ENTRIES PROVIDED: Begin

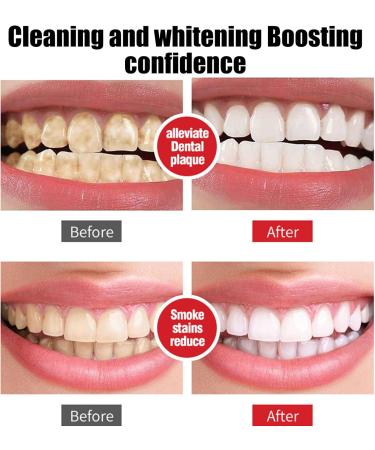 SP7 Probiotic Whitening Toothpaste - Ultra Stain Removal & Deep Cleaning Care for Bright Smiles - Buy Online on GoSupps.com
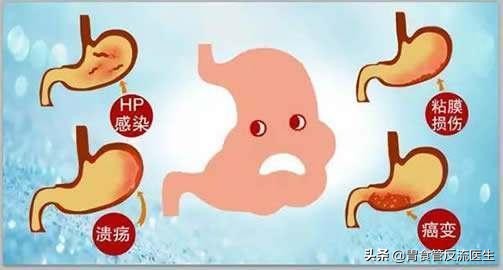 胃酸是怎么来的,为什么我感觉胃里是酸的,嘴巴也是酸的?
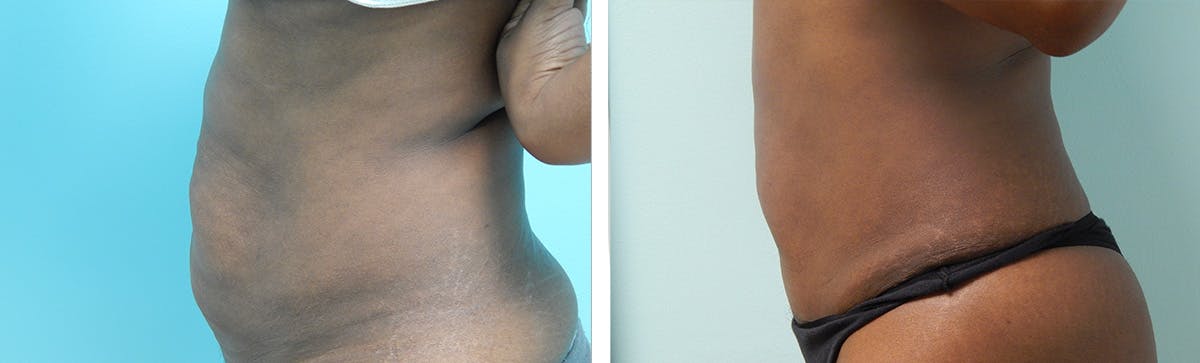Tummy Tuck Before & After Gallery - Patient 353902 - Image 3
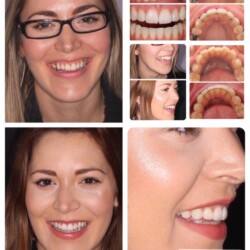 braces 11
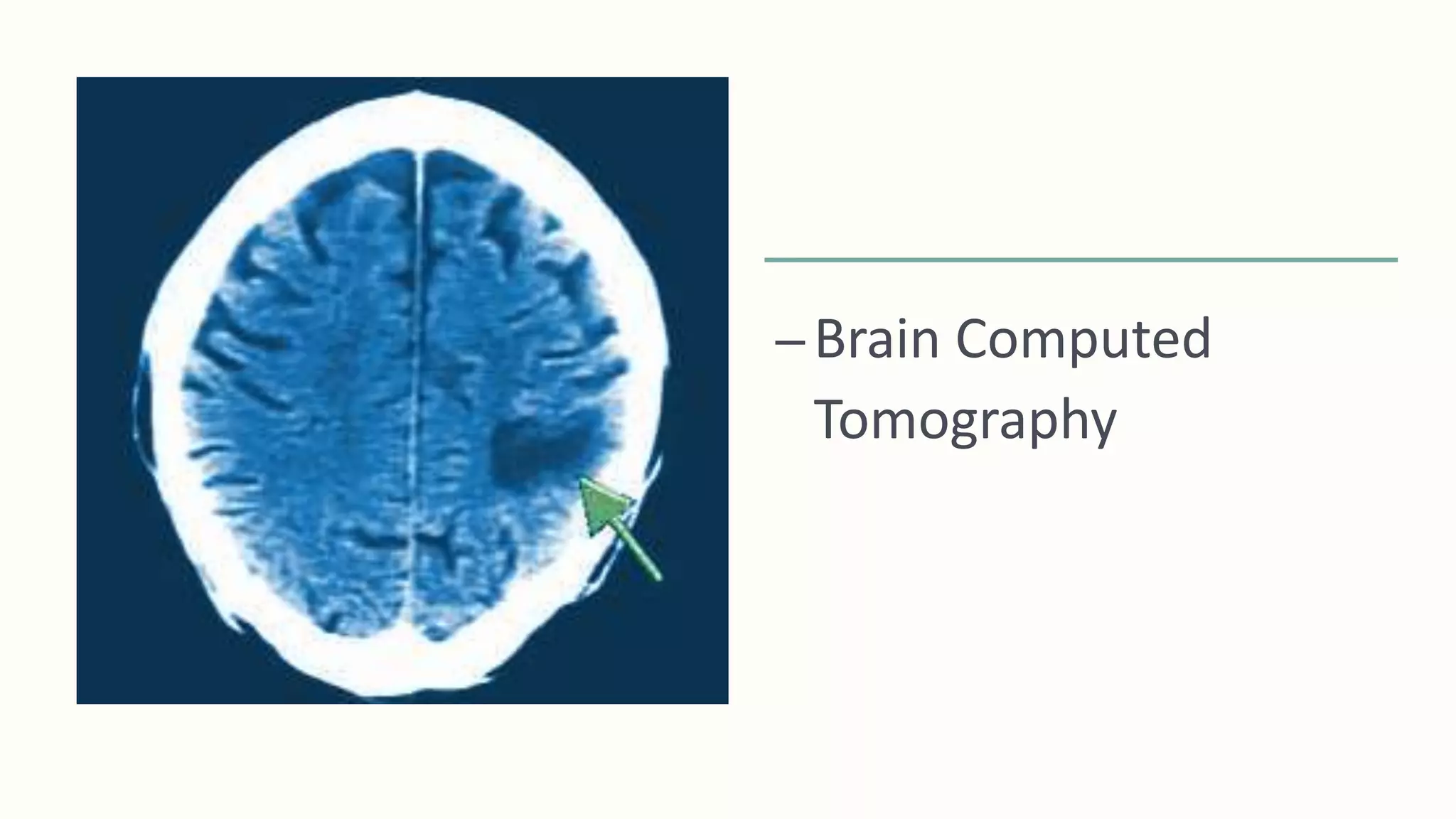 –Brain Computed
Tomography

ENTRIES PROVIDED: End

# EXERCISE PROMPT:
Using the records above, copy exactly and only the lines from the line with "胃酸是怎么来的,为什么我感觉胃里是酸的,嘴巴也是酸的?" through the end, both included; leave every picture out.

# RESPONSE:
 胃酸是怎么来的,为什么我感觉胃里是酸的,嘴巴也是酸的?
Tummy Tuck Before & After Gallery - Patient 353902 - Image 3
 braces 11
 –Brain Computed
Tomography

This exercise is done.